PROBLEM DETAILS:
Where does the word "Image" occur in the data below? Copy each line that holds it.

+---+

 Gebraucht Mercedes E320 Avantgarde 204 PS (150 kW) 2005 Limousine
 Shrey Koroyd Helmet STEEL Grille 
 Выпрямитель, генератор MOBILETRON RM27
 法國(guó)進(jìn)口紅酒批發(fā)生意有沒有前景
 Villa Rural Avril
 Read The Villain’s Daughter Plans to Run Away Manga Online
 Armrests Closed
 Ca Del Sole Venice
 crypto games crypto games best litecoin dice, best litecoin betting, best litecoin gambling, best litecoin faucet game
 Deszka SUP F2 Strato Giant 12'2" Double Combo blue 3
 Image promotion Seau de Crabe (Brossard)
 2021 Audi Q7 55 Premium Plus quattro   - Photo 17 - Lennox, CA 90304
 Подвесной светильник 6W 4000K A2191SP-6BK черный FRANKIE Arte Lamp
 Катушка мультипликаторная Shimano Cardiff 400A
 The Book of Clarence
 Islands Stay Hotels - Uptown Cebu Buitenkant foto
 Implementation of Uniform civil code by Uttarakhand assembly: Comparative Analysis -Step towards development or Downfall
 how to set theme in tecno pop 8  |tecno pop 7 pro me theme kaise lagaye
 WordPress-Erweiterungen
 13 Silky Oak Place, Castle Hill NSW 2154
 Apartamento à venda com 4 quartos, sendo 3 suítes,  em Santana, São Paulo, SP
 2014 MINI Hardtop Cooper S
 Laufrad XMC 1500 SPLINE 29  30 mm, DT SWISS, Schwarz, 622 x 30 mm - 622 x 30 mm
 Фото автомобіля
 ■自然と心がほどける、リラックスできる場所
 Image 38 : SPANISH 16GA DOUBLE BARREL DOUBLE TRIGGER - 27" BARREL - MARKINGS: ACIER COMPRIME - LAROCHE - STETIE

+---+

REPLY TO THE TASK:
 Image promotion Seau de Crabe (Brossard)
 Image 38 : SPANISH 16GA DOUBLE BARREL DOUBLE TRIGGER - 27" BARREL - MARKINGS: ACIER COMPRIME - LAROCHE - STETIE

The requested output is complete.